Il y a cinq siècles, un abbé bénédictin, Johannes Trithemius, a rédigé un traité, De Laude Scriptorium ( L’Apologie des scribes ), où il s’évertuait à justifier pourquoi il fallait continuer à fabriquer des livres, en les copiant à la main, un par un, comme on le faisait dans les monastères depuis plus d’un millénaire. Les moines de sa congrégation résistaient à l’accomplissement de cette obligation de nature religieuse. Ils soutenaient que ce travail était devenu superflu, sinon insensé, depuis l’avènement de l’imprimerie un demi-siècle plus tôt.

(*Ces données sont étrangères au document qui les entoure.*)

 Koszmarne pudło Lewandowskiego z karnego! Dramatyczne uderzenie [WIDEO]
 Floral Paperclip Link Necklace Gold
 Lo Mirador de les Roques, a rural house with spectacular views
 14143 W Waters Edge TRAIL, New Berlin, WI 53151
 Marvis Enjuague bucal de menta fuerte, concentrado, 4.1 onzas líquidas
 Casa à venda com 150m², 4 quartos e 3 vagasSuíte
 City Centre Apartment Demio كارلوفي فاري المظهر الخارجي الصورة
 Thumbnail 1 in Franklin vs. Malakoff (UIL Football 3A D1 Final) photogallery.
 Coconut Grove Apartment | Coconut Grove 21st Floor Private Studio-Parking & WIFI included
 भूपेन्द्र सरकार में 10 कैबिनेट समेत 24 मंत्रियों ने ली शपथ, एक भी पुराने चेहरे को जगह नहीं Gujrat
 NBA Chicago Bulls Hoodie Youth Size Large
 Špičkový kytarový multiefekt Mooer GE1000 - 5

Il est vrai que cette innovation était venue remettre en question le régime de vie des Bénédictins ; la règle de Saint-Benoît dicte aux moines de pratiquer un travail manuel quelques heures par jour. Trithemius le souligne ( traduction libre de ma part ) :

De tous les travaux manuels, rien n’est aussi en accord avec le statut des moines que de copier l’écriture sainte avec zèle.

L’exhortation d’un prêcheur est perdue avec le passage du temps ; le message du scribe demeure pendant des années.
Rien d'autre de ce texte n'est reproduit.